Throughout my life l've been told by both guys and girls that l'm attractive/pretty, and in public spaces men come up to me and ask me for my number/social media quite often. But l'm also not that outgoing or friendly, and have often heard that I seem pretty cold at first. However, since coming to uni, the vast majority of guys I became acquainted with have expressed some kind of attraction towards me or have asked me out, which is kind of becoming a problem because I keep losing friends due to it. For example, I had to distance myself from a guy I hung out with a couple times because he fell for me in the two weeks we've known each other. Another guy whom I considered a friend (I was actually really glad I became friends with him, as we are in the same dormitory) stopped talking to me because I turned him down when he asked me out.

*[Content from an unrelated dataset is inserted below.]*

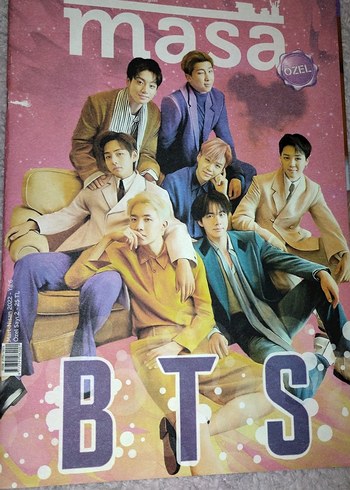 K-pop BTS poster seti | Gardrops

It's really a bummer because I make an effort to become friends with guys whom I think are nice people just for them to see me as a romantic interest which I do not reciprocate. It's not that easy for me to make friends in general, so it gets extra disappointing because I'm super happy whenever I feel like I've become friends with anyone. I don't consider myself flirty at all and if anything l'm a bit awkward due to a lack of guy friends in high school, as aforementioned. So I don't think (hope not?) I'm sending them some kind of signal that I'm into them as well. Is it true that guys and girls could never really be friends? Is there anything I should be cautious about when interacting with guys to make sure l'm not sending them the wrong signal?